We quickly blame the young for the shortcomings we see in them.  As parents we want to control, protect, manipulate, own and love them.  Sometimes we see them as extensions of ourselves; too often we forget that they are individual, independent members of the human species.

The vast majority of my schooling took place during the 1960s.  To be young in that decade was to be aware of the growing excitement, colour and richness of life; influences came from all over the world and there appeared to be endless possibilities.   It became clear that it was not necessary to conform to post war expectations and a unifying spirit amongst the young seemed to exist that I could feel, even from the claustrophobic and cloistered surroundings of a boy’s boarding school.  For a brief time there was a sense of equality, search for peace, care for the world and concern for each other, blossoming as values for a generation.  However, all too quickly these delicate flowers withered and died as these values were packaged and made into saleable commodities; for there was money to be made from the empty ‘ everything is beautiful’ mantra in all its fantastical trappings.  There was also the ugly side; the drugs that created lives lived on make-believe; the exploitation of naivety and the desperate disappointment of dreams unfulfilled. 

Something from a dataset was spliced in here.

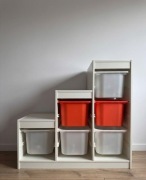 Regał z pojemnikami IKEA TROFAST, biały, 99x44x94 cm, jak nowy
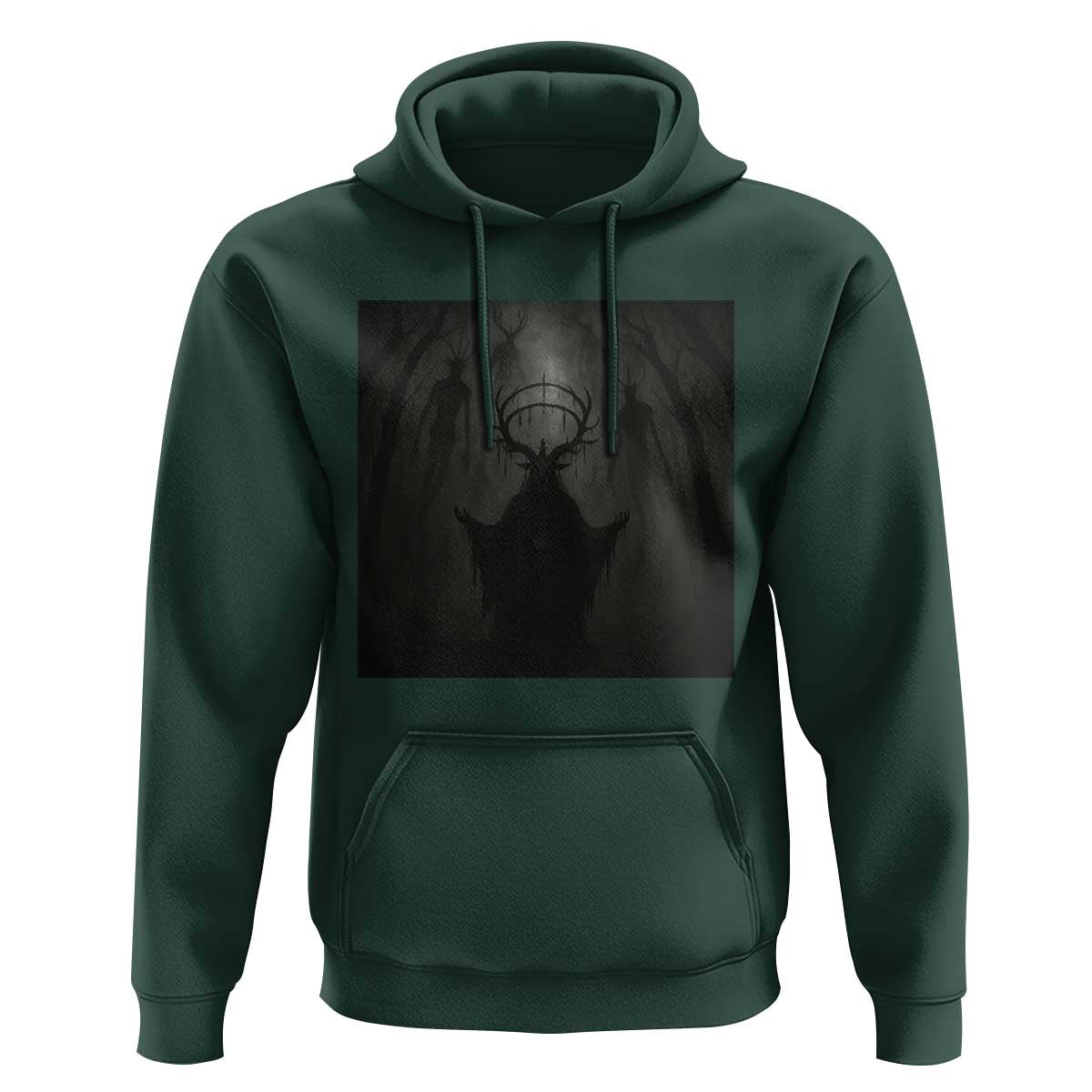 Wendigo Hoodie Gothic Horror Forest Demon Cryptid Occult Dark Fantasy - Wonder Print Shop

Now, freedom is viewed as having choice not as a state of mind, aspiration is considered as an important aspect of young people’s thinking and worth is only given to the thing that will bring material success.  The education system serves as the ‘materialistic exploitation of young people’ and ‘being well-educated means economically effective or successful’ (quotations from a recent conversation with the Principal of an alternative school in India).  The future can be described as a grim place or be given the illusion of a paradise; each extreme is a story built on falsehood.  However, if we view education is an ‘exploration into what is happening today without the barrier of condemnation’ (from the same conversation), then we move into a different realm.  This is not dependent on ideals, not part of an ideology, but is an active and vital process of finding out, of discovery.

Listening is exploration.  Not just listening to others, but listening to yourself; not out of a selfish individualism, but out of the realisation that what you feel – the love, fear, loneliness, hope, faith, joy- is the common to all of humanity.  Involving young people in the act of listening may be a key to joining with them in finding freedom them from the tyranny of anxiety, aspiration, despair and suffering.